Great adventure! Hike began at the Cabot Lake Trailhead on the east side of the Mt. Jefferson Wilderness. The first, nearly two mile segment, went through an area of a major fire about five years ago. Vegetation is limited to fireweed, low shrubs of various kinds and lots of blacked, dead, trees. The Ponderosas are just beginning their comeback with the typical plant no more than a foot in height. Terrain in this section is relatively flat. We did not stop at Cabot Lake, which is just out of sight off the trail. The second, 2.8 mile, section of the trail then climbs steeply in a series of well constructed switchbacks before climbing more gradually on to Carl Lake.

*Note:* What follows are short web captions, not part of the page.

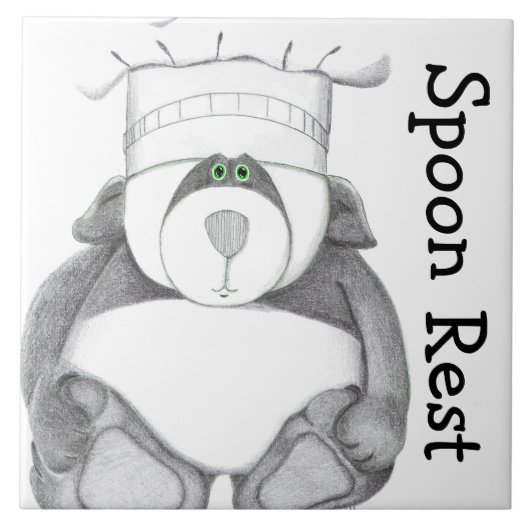 Panda Beer Trivet Spoon Rest Tegeltje (Voorkant)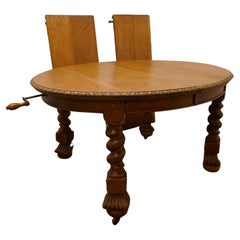 Antique Large Victorian Golden Oak Oval Extending Dining Table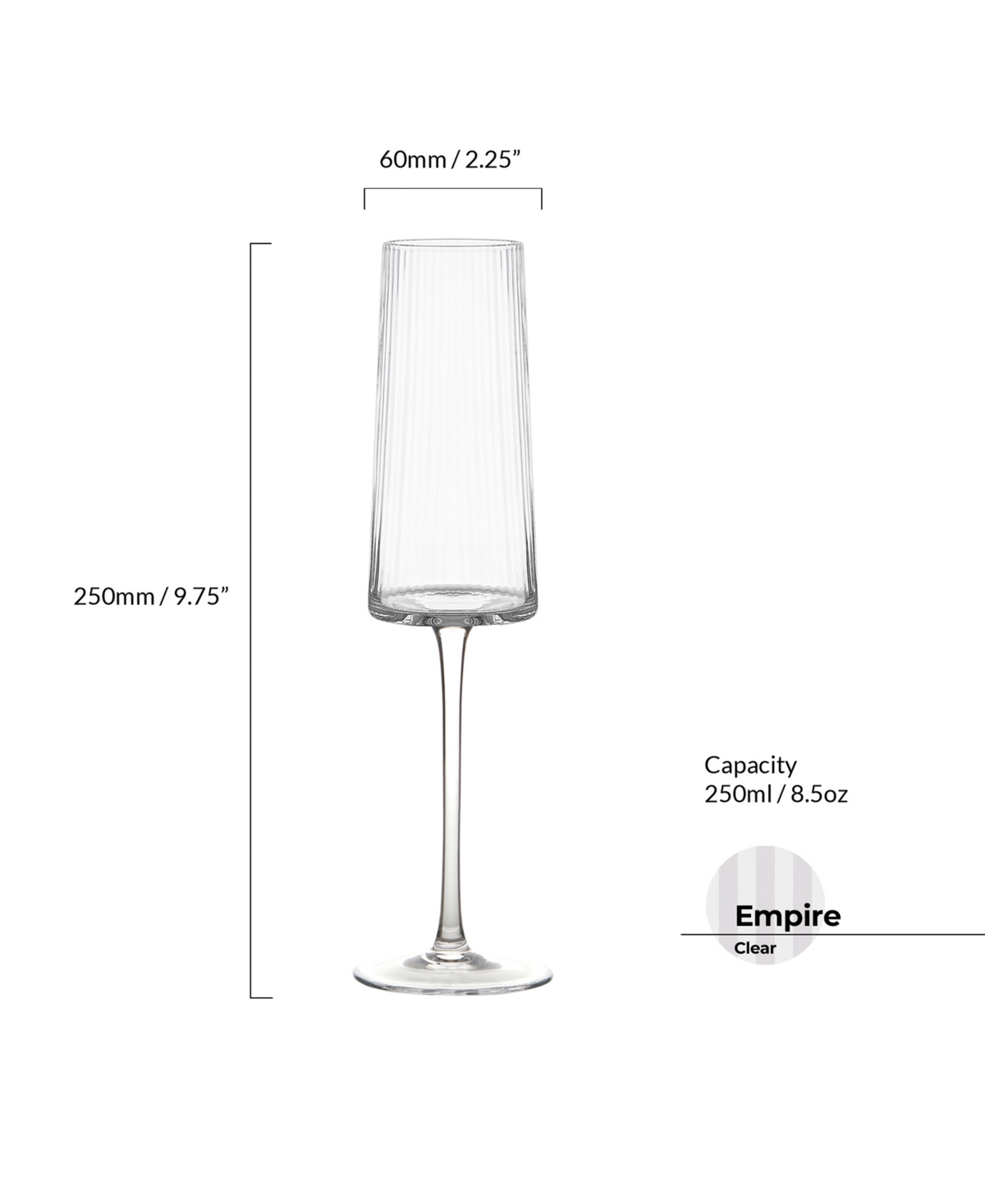 Anton Studio Designs Empire Clear Champagne Flutes, Set Of 2 In Clear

Forest is primarily hemlock with some true fir and spruce, the ponderosa having been left behind at Cabot. Carl is a truly beautiful Alpine lake, heavily forested except for steep cliffs on one side. The next 1.5 mile section proceeds pass Shirley Lake, also a beautiful alpine lake, but much smaller than Carl. The trail continues steeply up to the PCT, climbing along the side of a spectacular canyon. The trail to the Peak proceeds South on the PCT for less than a ¼ of a mile before turning West to the base of the Peak on an unmarked trail. A climb of the Peak appears formidable from the base, with a pitch of 15% or more. But it took only 15–20 minutes on a well defined trail. The view from the top made the climb more than worthwhile. A shifting, broken, cloud cover restricted the view to some extent. But Jeff. is close and presents a stunning view. We also had good views of such peaks as Jack and Washington; as well as the smoke from the Mt. Washington Wilderness fire.

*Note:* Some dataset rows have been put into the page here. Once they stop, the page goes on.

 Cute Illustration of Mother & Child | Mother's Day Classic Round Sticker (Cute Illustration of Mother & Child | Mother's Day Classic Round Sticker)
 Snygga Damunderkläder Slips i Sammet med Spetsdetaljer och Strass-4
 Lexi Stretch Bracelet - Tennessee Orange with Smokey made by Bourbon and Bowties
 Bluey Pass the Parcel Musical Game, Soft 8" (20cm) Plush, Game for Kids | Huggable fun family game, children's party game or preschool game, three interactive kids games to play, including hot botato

After we scrambled down off the Peak, our real adventure started. We decided to take the loop back to Carl Lake which Sullivan describes in his hiking book. However, after hiking north on the PCT for close to two miles, we couldn’t find the junction. We couldn’t hike cross country (even though we could see the Lake) because of the cliffs overlooking the Lake. So we retraced our steps to the original junction. This meant adding two hours and approximately four additional miles to the hike. So, we arrived back at the trailhead just before dark (about 8 p.m.) with everyone seeming in good health and spirits, although not necessarily looking forward to a two hour drive home. Intrepid adventurers, all Obsidians, were LaRee Beckley, Brad Bennett (new), Dan Christensen, Dick Hildreth and Elle Weaver.